Aber auch das bloße Mitteilungsbedürfnis sei für viele Besucher wichtig erzählt Busch weiter. Wie bei Marc, der heute vorbeikommt. Er ist 34, fährt Geldtransporte und kommt extra aus Niedersachsen, um Busch seine Geschichte zu erzählen.
Darin geht es für Marc um die Frage, was wirklich wichtig ist im Leben. Das hat Marc - zumindest für sich - vor einem Jahr herausgefunden. Seit dem weiß er, dass er sich für andere engagieren möchte und damit glücklich wird.
"Am 7.12.2017 habe ich zum ersten Mal einem unbekannten Menschen eine Freude gemacht! Es war ein Hinz & Kuntz-Verkäufer. Ich bin zur Würstchenbude, habe zwei Euro auf den Tisch gelegt und gesagt: Eine Wurst bitte für den Herrn da hinten!"
Und auch die Idee, Teil eines Buches zu werden - was ebenfalls auf einem Zettel am Kiosk zu lesen ist - scheint attraktiv zu sein.
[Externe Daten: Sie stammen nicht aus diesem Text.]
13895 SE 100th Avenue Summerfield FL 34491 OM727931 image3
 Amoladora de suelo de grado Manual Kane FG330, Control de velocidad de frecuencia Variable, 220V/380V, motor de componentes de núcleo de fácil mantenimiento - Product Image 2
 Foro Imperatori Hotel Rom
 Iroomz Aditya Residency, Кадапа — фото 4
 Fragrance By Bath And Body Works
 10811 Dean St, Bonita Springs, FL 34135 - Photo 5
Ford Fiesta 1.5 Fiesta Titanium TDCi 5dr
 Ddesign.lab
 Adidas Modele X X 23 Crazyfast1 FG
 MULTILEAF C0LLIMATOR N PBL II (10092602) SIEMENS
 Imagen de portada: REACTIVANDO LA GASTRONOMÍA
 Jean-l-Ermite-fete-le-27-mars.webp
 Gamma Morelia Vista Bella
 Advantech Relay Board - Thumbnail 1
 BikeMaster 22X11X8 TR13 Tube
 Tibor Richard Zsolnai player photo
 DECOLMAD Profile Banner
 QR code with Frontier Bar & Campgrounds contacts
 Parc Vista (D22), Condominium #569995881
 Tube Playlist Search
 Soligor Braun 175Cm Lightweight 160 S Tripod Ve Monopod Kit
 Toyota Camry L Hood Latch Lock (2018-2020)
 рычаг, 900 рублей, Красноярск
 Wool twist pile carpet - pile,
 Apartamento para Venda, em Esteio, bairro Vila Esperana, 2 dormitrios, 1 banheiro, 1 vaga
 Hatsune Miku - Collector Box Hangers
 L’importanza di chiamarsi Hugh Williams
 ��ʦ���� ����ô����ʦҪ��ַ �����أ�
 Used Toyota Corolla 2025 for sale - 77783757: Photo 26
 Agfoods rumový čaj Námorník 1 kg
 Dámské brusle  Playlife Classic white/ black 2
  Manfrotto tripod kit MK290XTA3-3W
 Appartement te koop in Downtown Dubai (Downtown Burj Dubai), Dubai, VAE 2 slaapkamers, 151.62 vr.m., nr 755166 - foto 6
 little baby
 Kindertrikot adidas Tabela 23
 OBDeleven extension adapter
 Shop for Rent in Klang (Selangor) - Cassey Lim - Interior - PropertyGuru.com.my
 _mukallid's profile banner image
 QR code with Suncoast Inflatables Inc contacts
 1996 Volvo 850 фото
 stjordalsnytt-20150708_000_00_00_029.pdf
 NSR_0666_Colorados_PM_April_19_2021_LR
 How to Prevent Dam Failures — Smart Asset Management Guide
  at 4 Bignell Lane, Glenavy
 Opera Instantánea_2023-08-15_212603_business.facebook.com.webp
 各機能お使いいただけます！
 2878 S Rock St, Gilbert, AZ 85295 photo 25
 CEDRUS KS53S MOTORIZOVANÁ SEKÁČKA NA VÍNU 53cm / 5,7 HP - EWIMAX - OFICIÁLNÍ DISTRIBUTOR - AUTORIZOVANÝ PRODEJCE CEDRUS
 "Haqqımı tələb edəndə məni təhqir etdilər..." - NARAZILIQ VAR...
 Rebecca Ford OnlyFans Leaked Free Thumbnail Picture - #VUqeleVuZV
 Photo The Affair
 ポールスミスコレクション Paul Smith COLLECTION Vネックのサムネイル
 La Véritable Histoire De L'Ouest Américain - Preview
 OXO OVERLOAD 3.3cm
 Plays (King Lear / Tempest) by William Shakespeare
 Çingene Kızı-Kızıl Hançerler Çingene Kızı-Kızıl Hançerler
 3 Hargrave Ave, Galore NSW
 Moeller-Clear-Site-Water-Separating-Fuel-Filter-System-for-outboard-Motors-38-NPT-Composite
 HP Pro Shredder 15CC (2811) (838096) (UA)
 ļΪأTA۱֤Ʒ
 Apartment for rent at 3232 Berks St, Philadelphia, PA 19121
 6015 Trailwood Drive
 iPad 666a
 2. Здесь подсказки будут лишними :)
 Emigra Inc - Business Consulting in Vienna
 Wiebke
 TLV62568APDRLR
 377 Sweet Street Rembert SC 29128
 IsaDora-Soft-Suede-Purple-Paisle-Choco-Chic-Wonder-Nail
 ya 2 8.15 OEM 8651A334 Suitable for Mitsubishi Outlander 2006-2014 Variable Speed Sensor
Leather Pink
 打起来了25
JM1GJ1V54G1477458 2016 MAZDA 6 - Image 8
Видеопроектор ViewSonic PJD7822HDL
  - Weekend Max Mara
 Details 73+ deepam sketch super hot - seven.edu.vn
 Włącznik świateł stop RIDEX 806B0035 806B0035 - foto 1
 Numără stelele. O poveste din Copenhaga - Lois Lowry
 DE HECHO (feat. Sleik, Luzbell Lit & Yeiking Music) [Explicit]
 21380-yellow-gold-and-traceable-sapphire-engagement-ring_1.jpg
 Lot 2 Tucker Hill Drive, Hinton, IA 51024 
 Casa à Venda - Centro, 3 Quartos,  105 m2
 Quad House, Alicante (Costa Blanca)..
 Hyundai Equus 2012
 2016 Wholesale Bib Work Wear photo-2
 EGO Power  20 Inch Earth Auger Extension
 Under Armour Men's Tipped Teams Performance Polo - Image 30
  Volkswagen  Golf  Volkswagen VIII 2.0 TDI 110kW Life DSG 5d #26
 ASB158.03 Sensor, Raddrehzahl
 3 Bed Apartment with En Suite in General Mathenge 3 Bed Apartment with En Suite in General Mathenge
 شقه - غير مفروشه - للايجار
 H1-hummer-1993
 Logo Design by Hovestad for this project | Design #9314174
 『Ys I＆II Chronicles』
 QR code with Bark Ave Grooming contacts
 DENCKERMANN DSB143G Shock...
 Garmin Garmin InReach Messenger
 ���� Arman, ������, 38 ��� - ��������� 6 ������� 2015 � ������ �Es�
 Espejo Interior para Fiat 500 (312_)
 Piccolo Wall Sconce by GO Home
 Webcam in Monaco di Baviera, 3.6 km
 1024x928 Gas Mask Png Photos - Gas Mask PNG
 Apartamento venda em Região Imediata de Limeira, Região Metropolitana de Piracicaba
Iwan, der Mann, der demnächst im CERN anfängt, wollte seine Geschichte beispielsweise deshalb hier erzählen.
Ob Busch die Mindestmietzeit bis Mai durchhält, weiß er noch nicht – er habe jetzt schon das Bedürfnis, die vielen Geschichten zu sortieren, sagt er. Hier im Kiosk kommt er dazu jedenfalls nicht.